::: GIVEN RECORDS :::

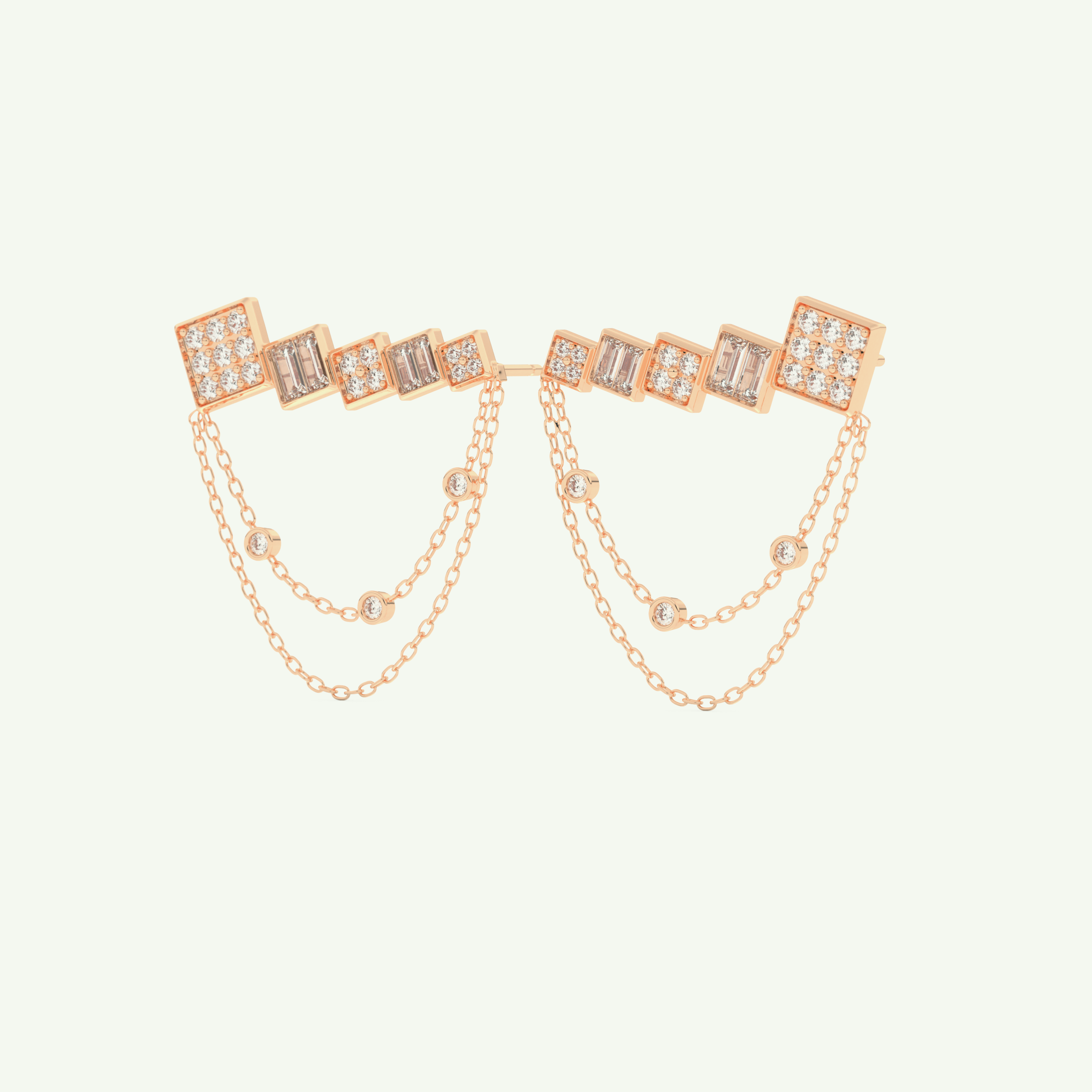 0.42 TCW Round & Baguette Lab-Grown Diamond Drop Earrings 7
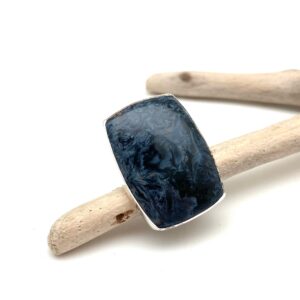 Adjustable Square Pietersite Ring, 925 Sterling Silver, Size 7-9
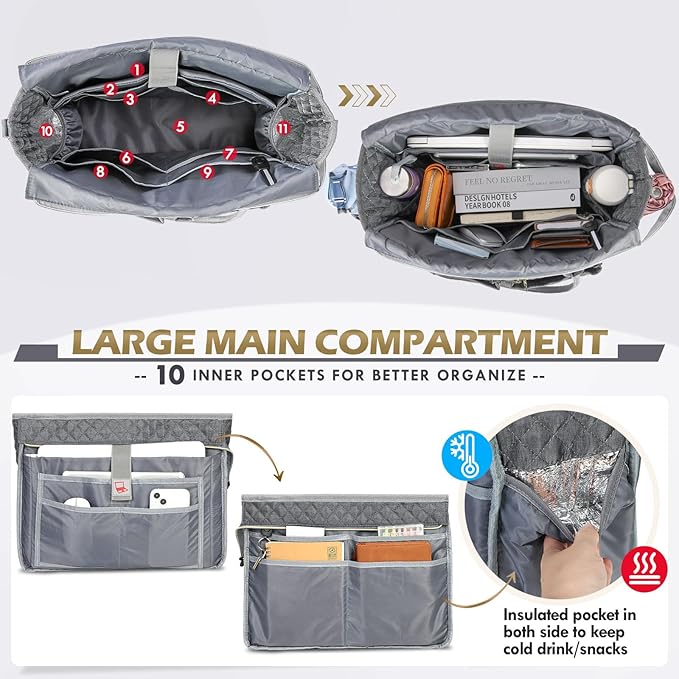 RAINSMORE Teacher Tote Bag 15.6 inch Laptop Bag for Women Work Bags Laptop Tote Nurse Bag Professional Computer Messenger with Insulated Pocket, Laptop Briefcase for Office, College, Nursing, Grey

:::
::: GIVEN RECORDS :::

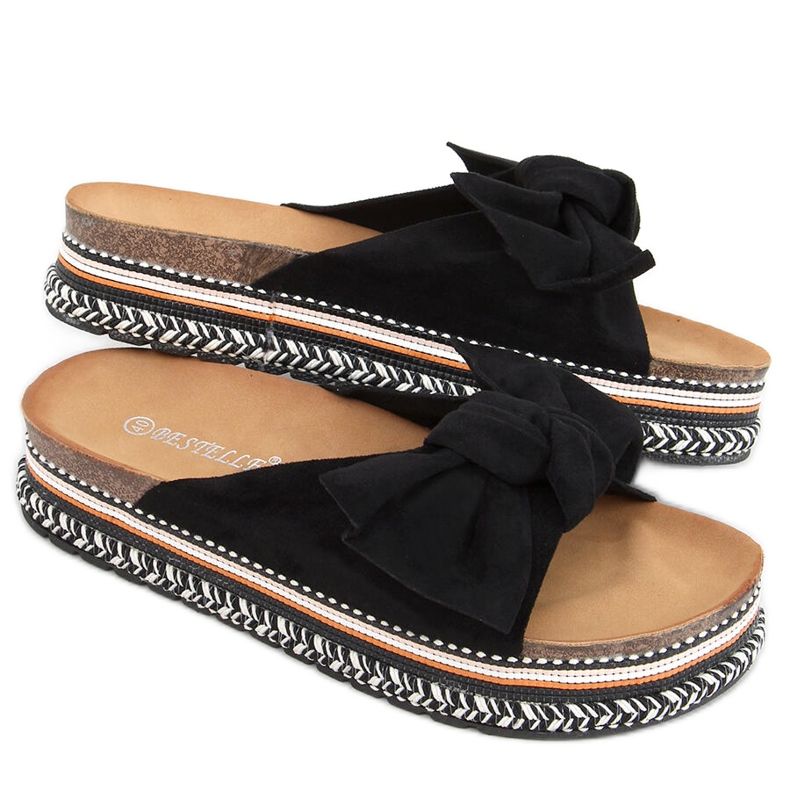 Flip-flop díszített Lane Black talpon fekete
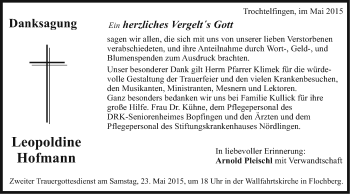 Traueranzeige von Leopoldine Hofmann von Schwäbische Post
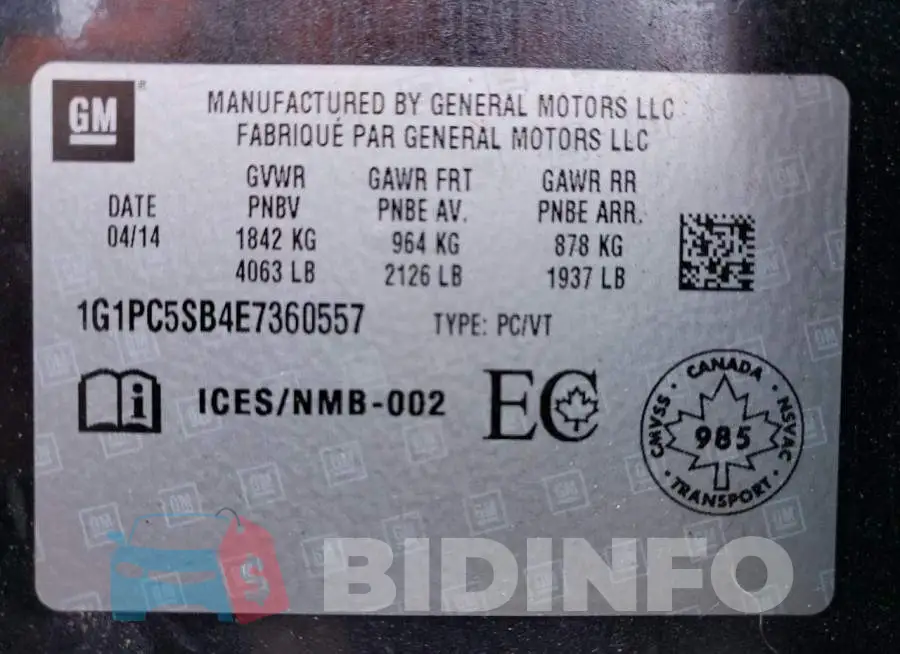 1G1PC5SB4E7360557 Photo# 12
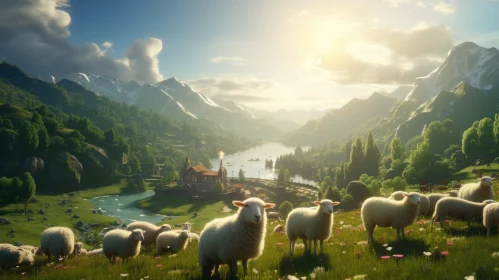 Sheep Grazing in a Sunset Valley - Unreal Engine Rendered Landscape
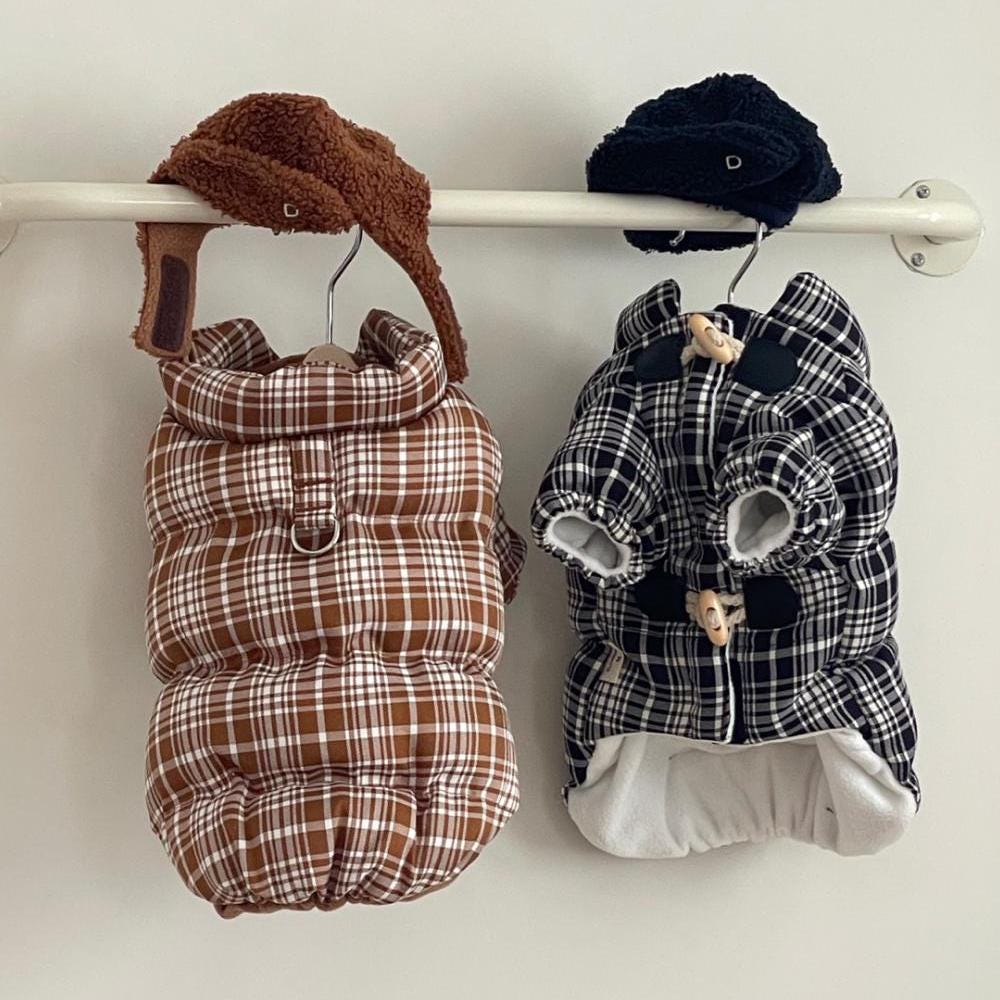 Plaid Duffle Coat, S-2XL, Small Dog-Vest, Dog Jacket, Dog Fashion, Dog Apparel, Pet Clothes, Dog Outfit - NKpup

:::

PROBLEM DETAILS:
Look above for the line with "1G1PC5SB4E7360557 Photo# 12"; quote it and every line after it, stopping after the line with "Plaid Duffle Coat, S-2XL, Small", exactly, with nothing added and without pictures.

TASK RESPONSE:
 1G1PC5SB4E7360557 Photo# 12
 Sheep Grazing in a Sunset Valley - Unreal Engine Rendered Landscape
 Plaid Duffle Coat, S-2XL, Small Dog-Vest, Dog Jacket, Dog Fashion, Dog Apparel, Pet Clothes, Dog Outfit - NKpup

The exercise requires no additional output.